When we met and started dating, Isaac was a brand new freshman. He was that kid that comes in talking with plenty of braggadocio and sarcasm that never quit. He had European humor (perceived often as completely inappropriate by American Bible college students) and loved being in front of a crowd. He wasn't shy in any way, shape, or form. He was more of a loud-mouth.
I, on the other hand, was known for being sweet and much quieter. I liked sitting in corners and watching people, I hated having all eyes focused on me, and I was timid in most social situations and way behind current cultural trends in most areas of life.

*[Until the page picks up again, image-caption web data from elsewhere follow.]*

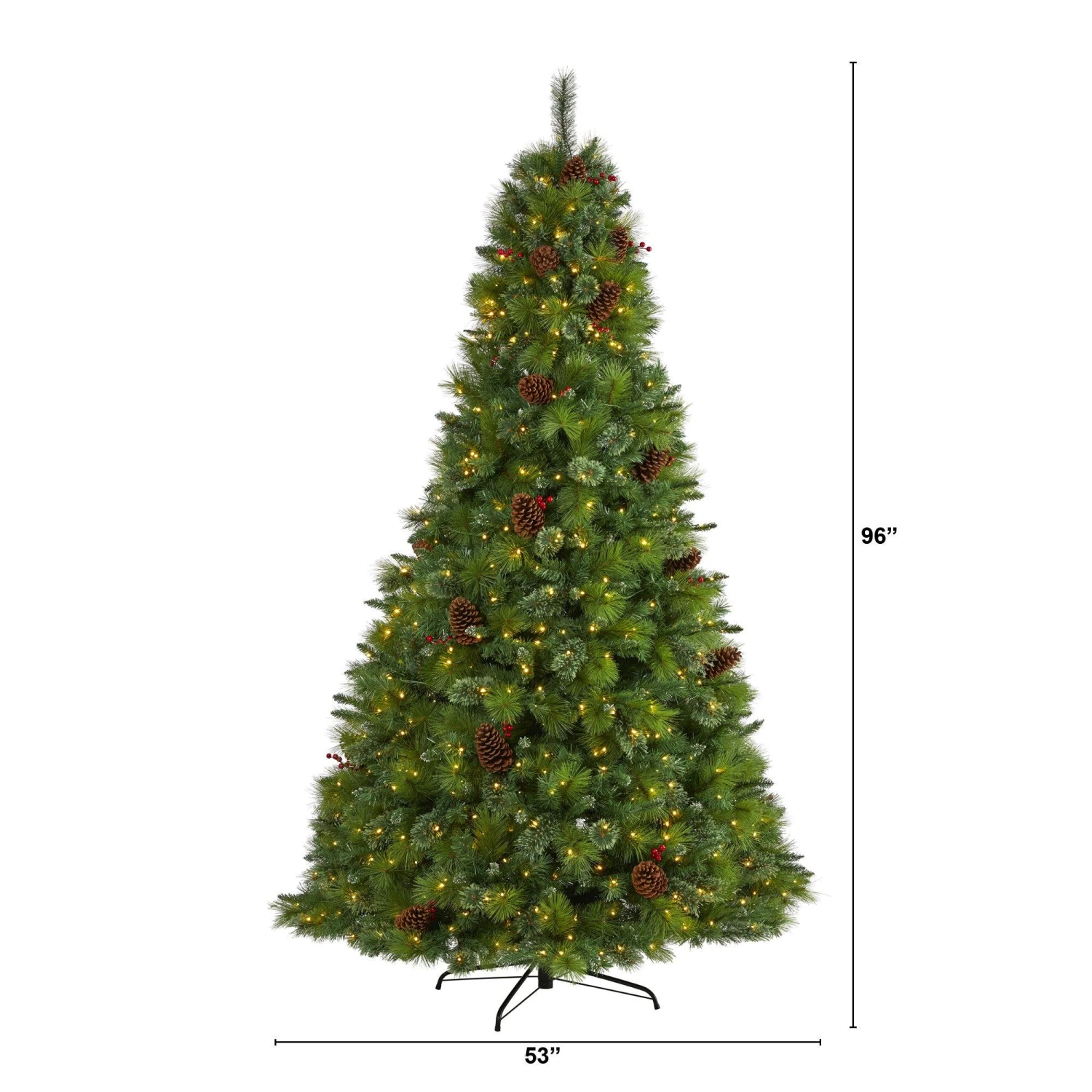 8’ Montana Mixed Pine Artificial Christmas Tree With Pine Cones, Berries And 700 Clear LED Lights 4 8’ Montana Mixed Pine Artificial Christmas Tree With Pine Cones, Berries And 700 Clear LED Lights - Image 2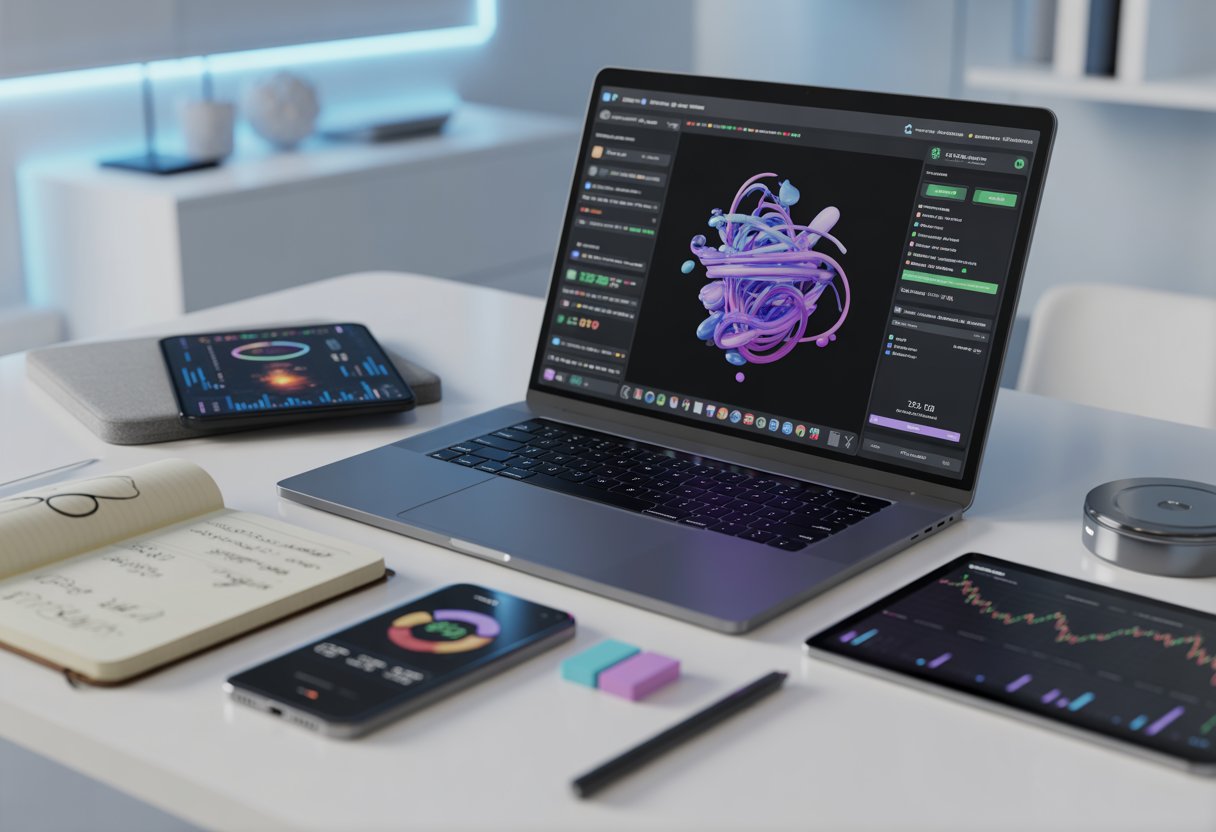 A modern workspace with a laptop showing colorful digital art, a smartphone with a crypto wallet app, and a tablet displaying charts, set in a bright office environment.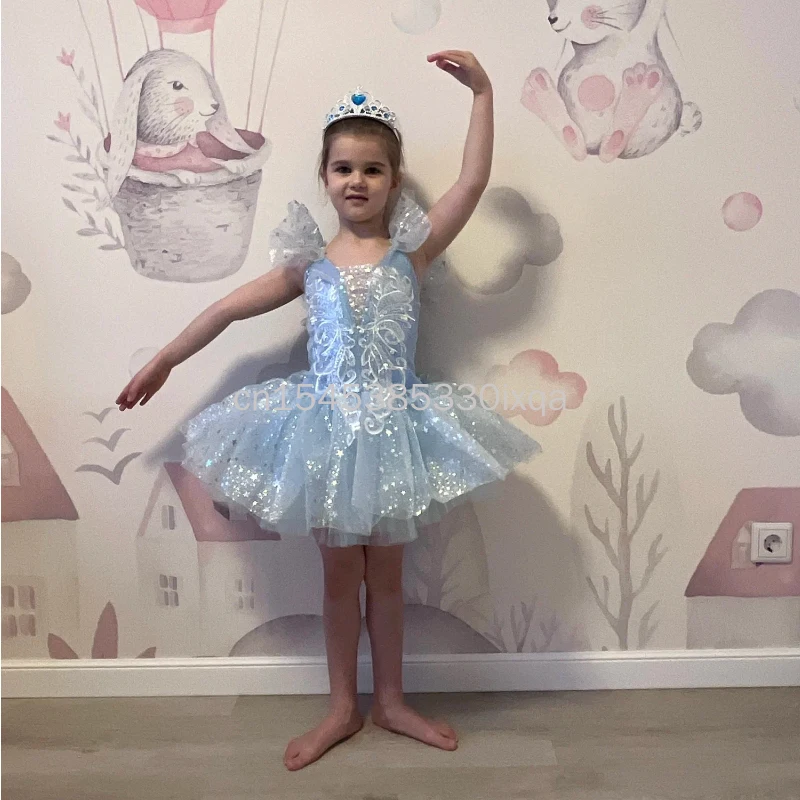 Kids Silver Sequin Ballet Dress Girls Modern Dance Skirts Performance Clothes Children's Ballet Tutu Party Princess Costumes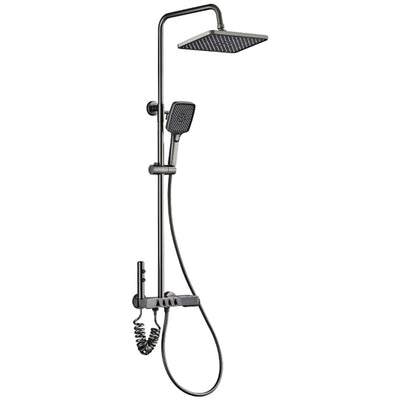 Navaro Ash-Plated Thermostatic Shower Set With Digital Display And Pressurized Faucet | OpalDwell OpalDwell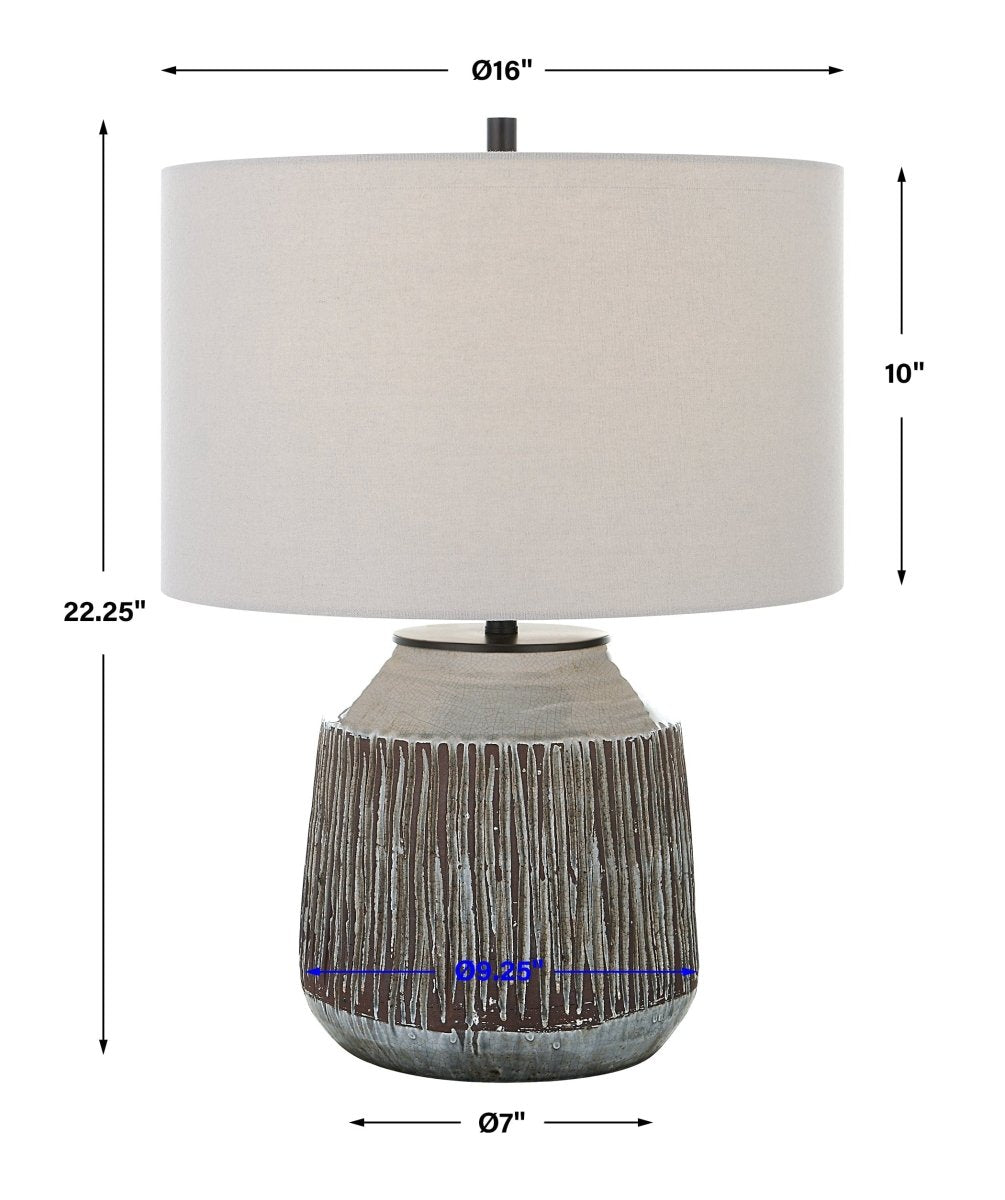 Neolithic Blue - Gray Table Lamp - Uttermost - Table Lamps by Modest Hut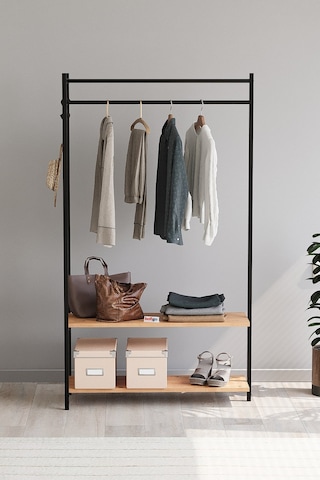 Bofigo Konfeksiyon Askısı Ayaklı Askılık Elbise Askılığı Raflı Askılık Jüpiter Çam Çam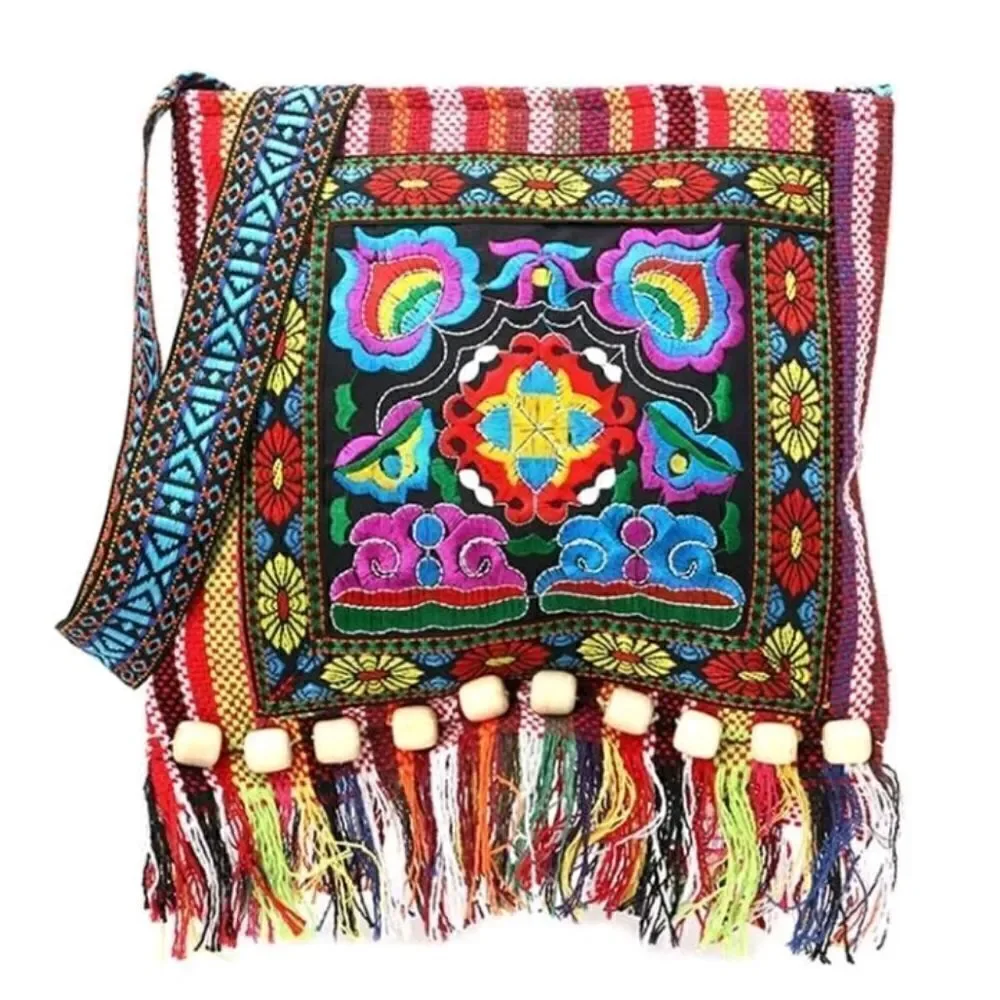 Gypsy Hobo Quilted Embroidered Color Block Tassel Messenger Crossbodty Bag Purse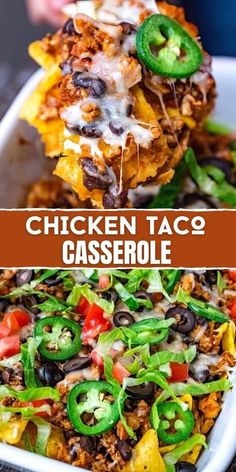 chicken taco casserole in a white dish with green peppers and black olives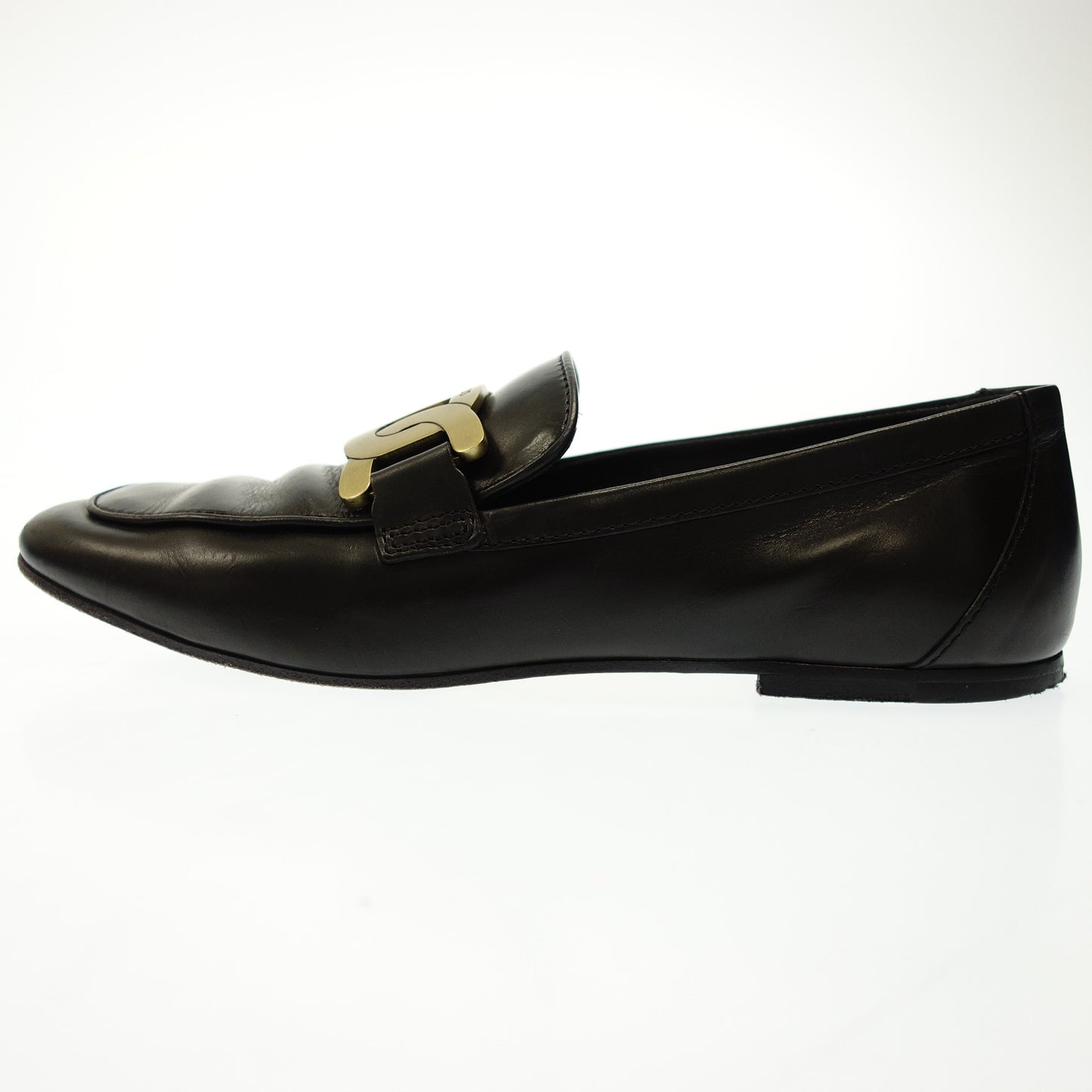 美品◆トッズ レザーローファー ケイト ゴールド金具 レディース 36.5 黒 TOD'S【AFD7】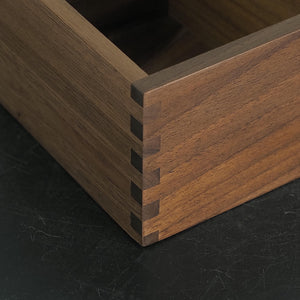 Handcrafted Black Walnut Wooden Organizer, 3-Compartment Desk Tray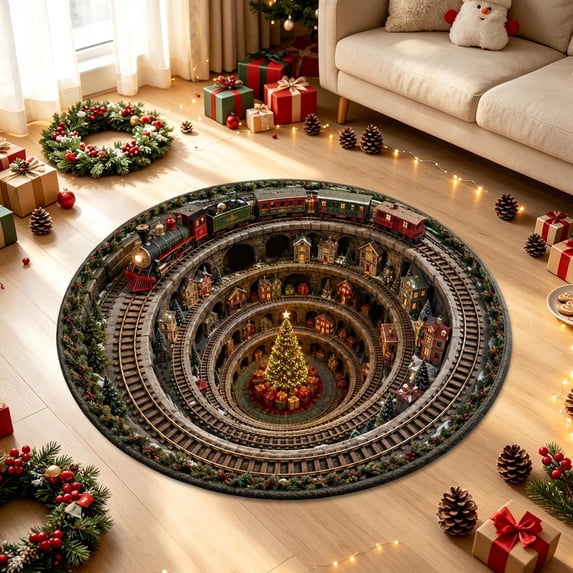 Lumulena Round Christmas Doormat - 3D Visual Effect Entryway Mat Absorbent Non-Slip Fabric Material Flocking Floor Rug, Christmas Themed Floor Mat for Bathroom Kitchen Hallway Decoration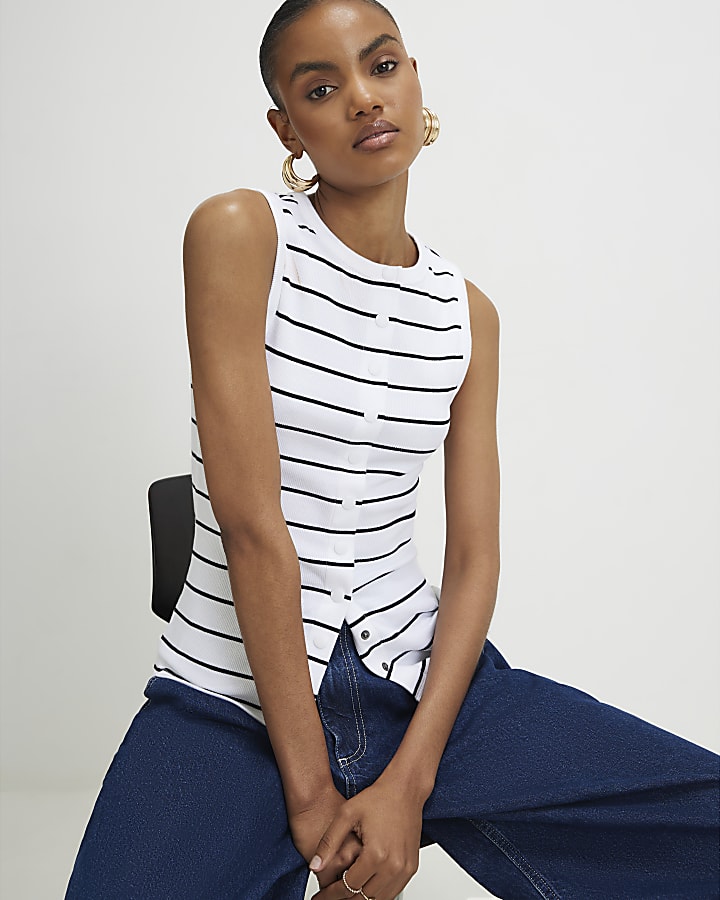 Black Cotton Blend Stripe Popper Tank Top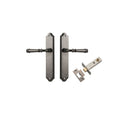 IVER Verona Door Lever Handle On Shouldered Backplate | Passage Kit | 9 Finishes - Distressed Nickel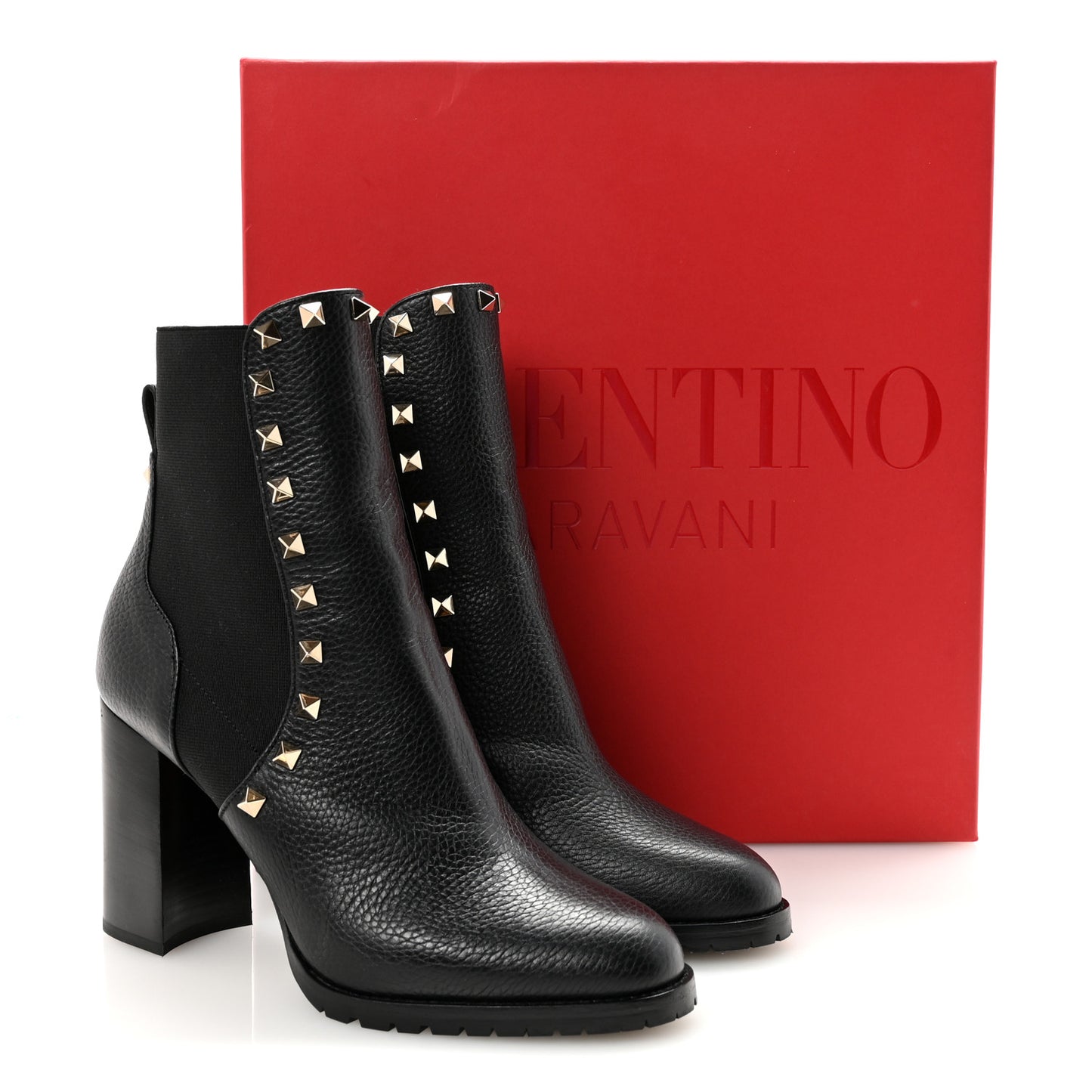 Grained Calfskin Rockstud Chelsea 80mm Ankle Boots 39 Black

It's been 10 years, and last week on the way home from a meeting, we decided that we might just have switched personalities. I might just be the more extroverted person in our marriage, and Isaac just might be the introvert. Whaaaa...? How can I, the quiet girl, be an extrovert? How can that loud freshman kid have ended up as an introvert?
In the end, I am still shy, but shy doesn't necessarily have anything to do with introverted or extroverted. I still hate being the center of attention and I am by no means a leader. I hate being new. Despite that, I am still someone that loves people and having fun with people.... once I'm settled enough to feel comfortable. It's true... I draw energy from crowds. Isaac is still more confident, a natural leader, and a dominant and fun personality. Despite that, he really is a homebody and increasingly an introvert.
I wrote about my senior year of high school, which was one of those times. I had times where I was settled into undergrad and was quite extroverted. Now, after years of living and working in one place, I find myself again edging into extroversion.